I'll tell you that all data should be carefully vetted before using it to draw conclusions. For example, I just checked and the ldc data includes a download for every CI run, which skews it upwards, but I doubt enough to change my conclusion above:

https://github.com/ldc-developers/ldc/blob/master/.circleci/config.yml#L62
June 30, 2018
On Saturday, 30 June 2018 at 07:11:18 UTC, Joakim wrote:
> On Saturday, 30 June 2018 at 06:52:01 UTC, Ecstatic Coder wrote:
>> On Friday, 29 June 2018 at 22:59:25 UTC, bachmeier wrote:
>>> On Friday, 29 June 2018 at 20:13:07 UTC, Ecstatic Coder wrote:
>>>
>>>> Have a look at Crystal's Github project, you will see that Crystal, still in development and quite far from its 1.0 mile version (= despite no parallism and windows support, etc) ALREADY has 11206 stars, 881 forks and 292 contributors :
>>>>
>>>> https://github.com/crystal-lang/crystal
>>>>
>>>> Not bad for a language in its 0.25 version and first released in June 2014 (4 years), especially compared to D in its 2.0 version and first released in December 2001 (16 years), whose official compiler has 1806 stars, 452 forks and 168 contributors :
>>>>
>>>> https://github.com/dlang/dmd
>>>>
>>>> If those numbers means anything, I think its that Crystal is probably getting popularity much quicker than D, and honestly, after having tried it, I think it's really deserved, even if I agree that there are still many things that remain to be implemented before it's really ready for an official "production-ready" 1.0 release.
>>>
>>> Do you by chance work as a manager? Managers like comparisons that involve one number, with a higher number being better. I don't know what can be learned about D from that comparison and I don't think anyone else does either.
>>
>> That's your opinion.
>>
>> First, most managers don't become manager by chance, but because of their skills.
>>
>> Like being able to take the right decisions, based on facts, not on personal preferences.
>>
>> For instance, if a good manager sees that the github project of a 4 years old compiler has been liked by 11206 persons, and the github project of a 16 years old compiler has been liked by 1806 persons, I think he could probably think that MUCH more people are interested in the development of the first github project than in the second.
>
> I'd hope a manager would look at actually meaningful stats like downloads, rather than just fluffy stats such as "likes":
>
> http://www.somsubhra.com/github-release-stats/?username=crystal-lang&repository=crystal
> http://www.somsubhra.com/github-release-stats/?username=ldc-developers&repository=ldc
>
> I see around 9k total downloads of the various Crystal 0.24 and 0.25 versions over the last 8 months, compared to 14k downloads of the ldc 1.9 compiler alone from two months ago. Of course, all these stats can be gamed, but I think it'd be hard to argue Crystal is more popular.

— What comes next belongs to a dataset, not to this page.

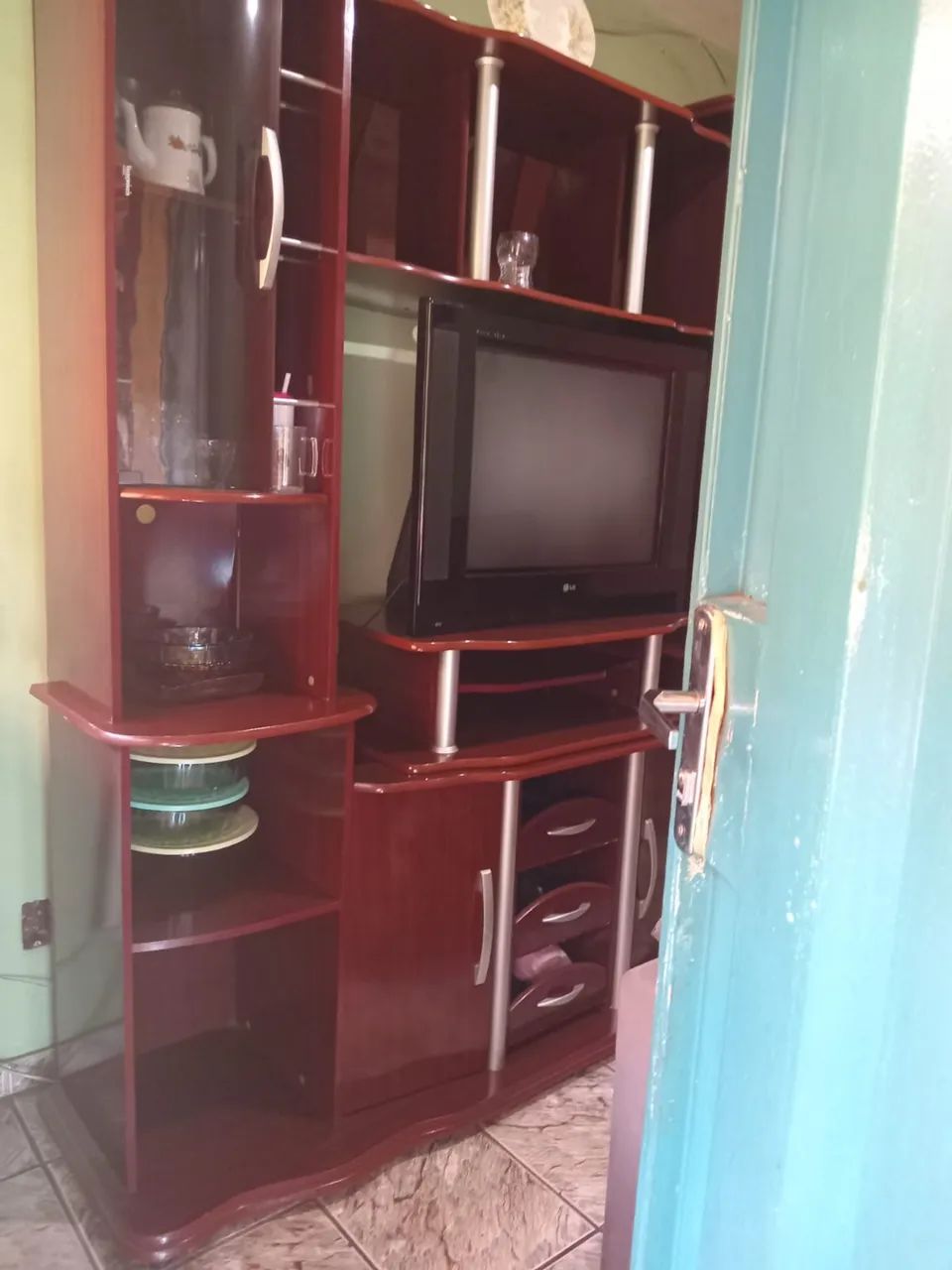 Estante de madeira  - Foto 2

Anyway, I you think that Crystal is not worth our attention, it's your right.

But my PERSONAL opinion is that Crystal will soon become a great alternative to D, Go and Rust for web server development, while I still think that D is BY FAR a much better language than Go or Rust.

So now we can try to analyze what make Crystal a useful and popular language in this domain and learn lessons from it, or simply ignore it.

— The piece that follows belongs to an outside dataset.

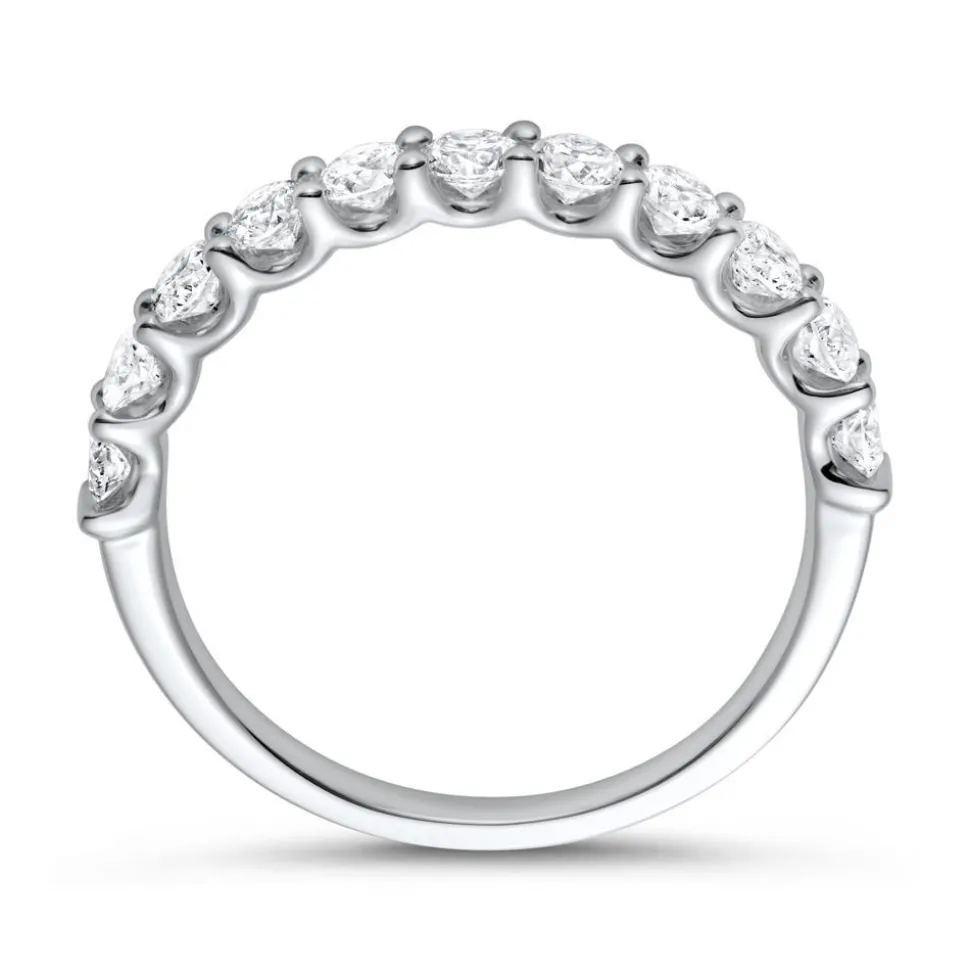 Eternity Ring 585er Weißgold Diamant DR0343-14KW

Very honestly I don't care, because I exclusively use D as a file processing scripting language, and I'm very happy with D in its current state.

And to be perfectly clear on that point, its current syntax is perfect, very simple and concise, and if DON'T want any change made to its current syntax which would make it less simple and concise when using it in GC mode.